Grace Gillespie, Staff Writer
Quentin Tarantino presents “Once Upon a Time in Hollywood,” a drama/thriller surrounding the Manson family murders. The film takes place in the 1960s, a beautiful time period for the film industry and Hollywood. Vintage cars, record players, and radios blasting old-time bops can be heard and seen throughout the film.
Instantly, we are introduced to actor Rick Dalton (Played by Leonardo DiCaprio), a famous actor and the former lead on a wild west vigilante TV series. Hollywood has a vampiric hunger for always wanting fresh blood. Dalton is aware of this, but that does not make the reality of losing a leading role any easier for him. Now that the television show is over, Dalton finds himself going to other TV shows to guest star or play as villain characters. He is faced with the truth that his career is ending, and turns to his old buddy, Cliff Booth (Brad Pitt) for comfort. Booth was his stunt double during the old days of his western TV series. Cliff, unable to find work due to his past, takes up the role of Rick’s personal driver. While they make an odd pair, the two keep a close bond. As in other Tarantino films, he dabbles in violence. The gore in Tarantino’s film is used to create emotion for viewers. The violent scenes stimulate a reaction of wanting to laugh, but feeling horrified by what is being shown.
While on a film set before the rehearsals begin, Dalton is reading a western novel about a man named “Easy Breezy,” who is a horse breaker. Easy Breezy is finding that in his old age it is harder for him to find work. He reads a line from the book saying, “He’s not the best any-more. He’s coming to terms with what it’s like to become slightly more useless each day.” At this moment, we see the actor break down and cry. The audience can see that he is feeling even more defeated when he realizes that this story is related to his current situation.
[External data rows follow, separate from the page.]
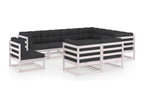 9-piece garden furniture set with cushions, white, solid pine wood LNFX69485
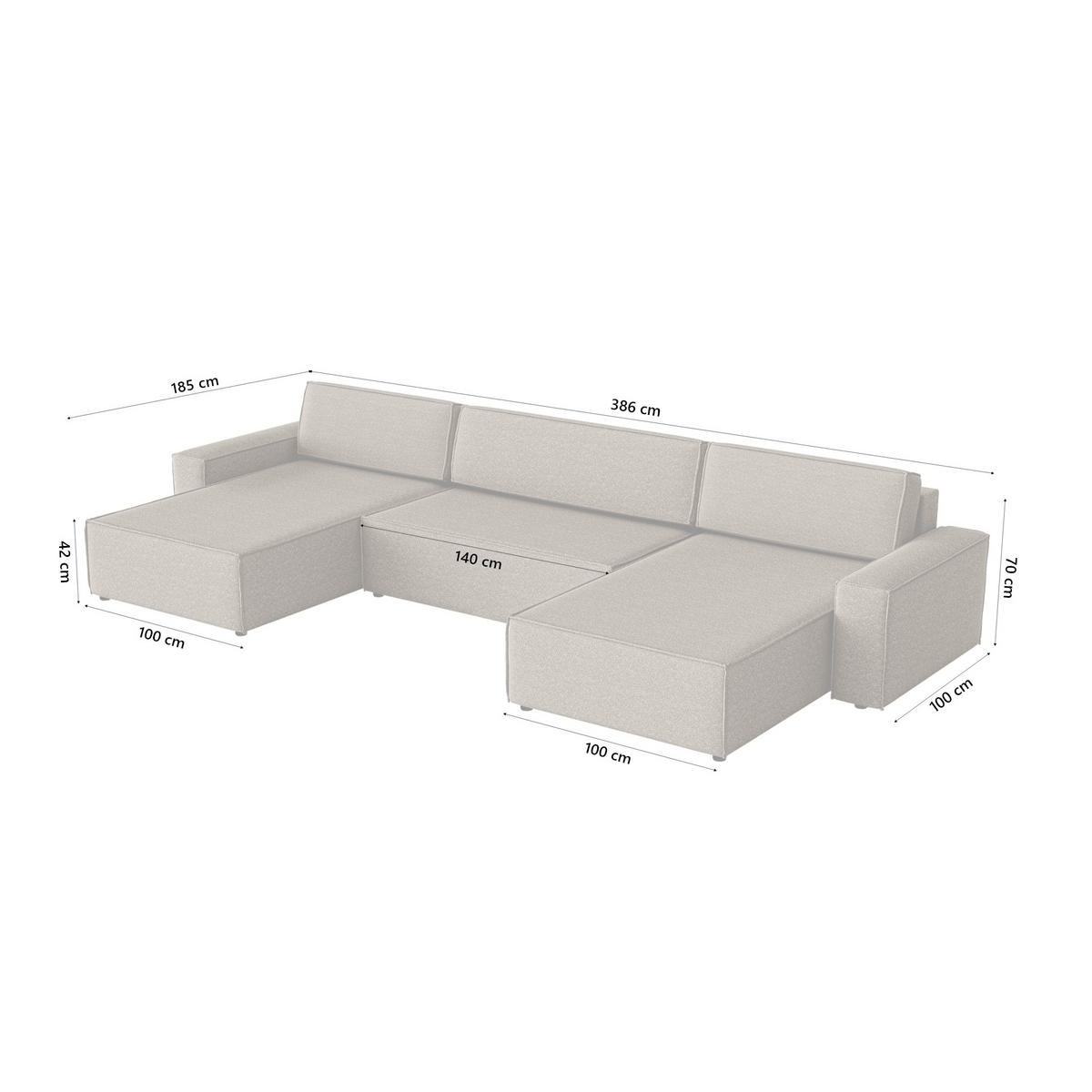 WOHNLANDSCHAFT Lummo U mit Schlaffunktion, Braun - Braun, Textil (386/70/185cm) - Fedve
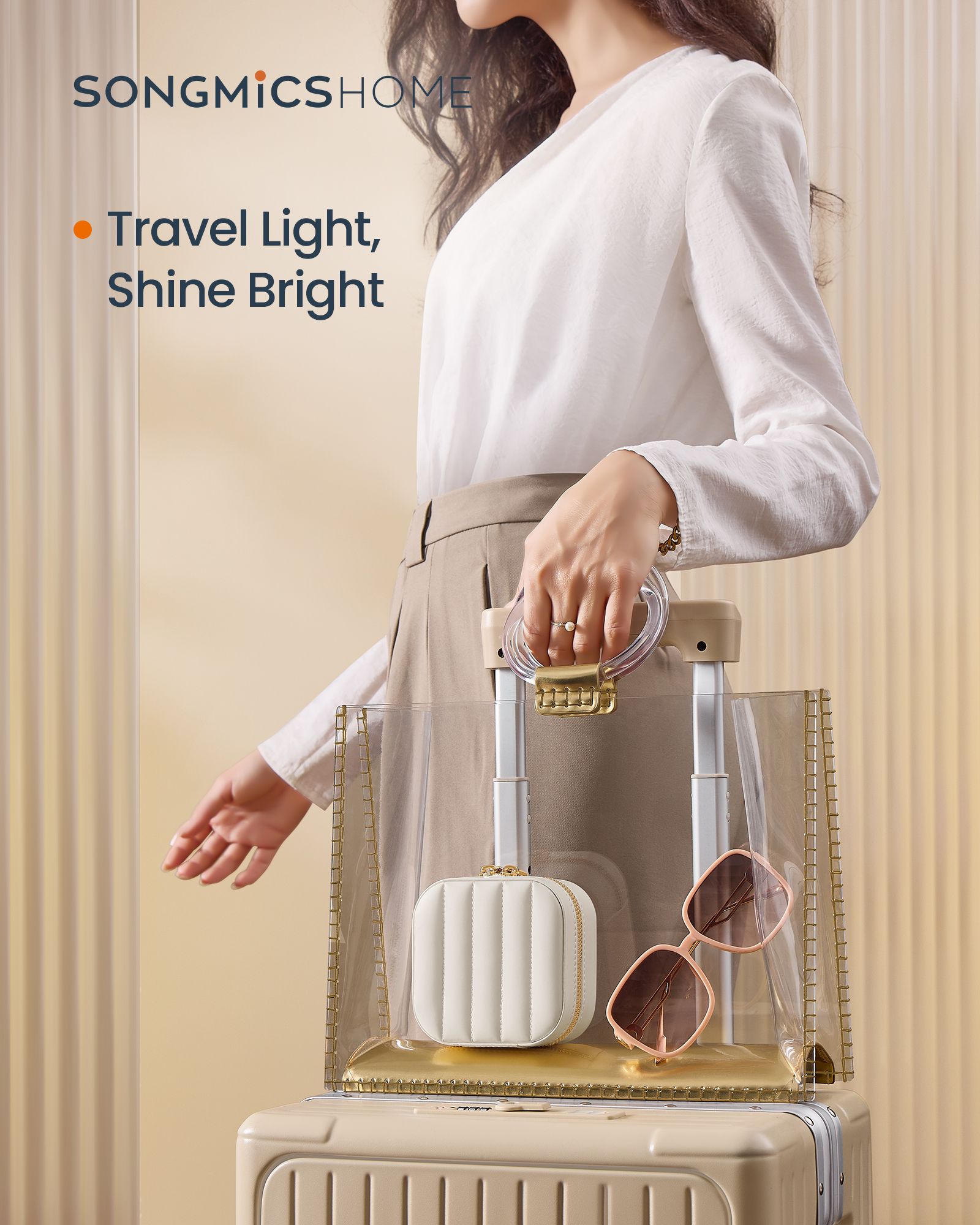 Travel Jewellery Box - PU - Cloud White - Portable with Mirror and Zippers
At the heart of the movie, we see actress Sharon Tate, (Margot Robbie) who can be portrayed as new Hollywood. She is a new actress entering stardom and being seen driving around in a sports car. She ended up marrying a well-known director that happens to be a next-door neighbor of Rick Dalton. Although Tate does not have much dialogue in the movie, what she lacks in voice, she makes up for in her charisma. There are scenes of her dancing around at parties being able to turn heads and cause gossip. Her character is filled with affection, especially when she was able to charm her way into a movie theater for free. Tate is the epitome of everything a young upcoming actress emodies with her charm and carefree spirit.
Dalton and Tate happen to meet in the most unexpected way, which ties into old Hollywood and new Hollywood intertwining in the end. It takes the entire movie for everything to come full circle, so make sure you purchase some patience with your ticket.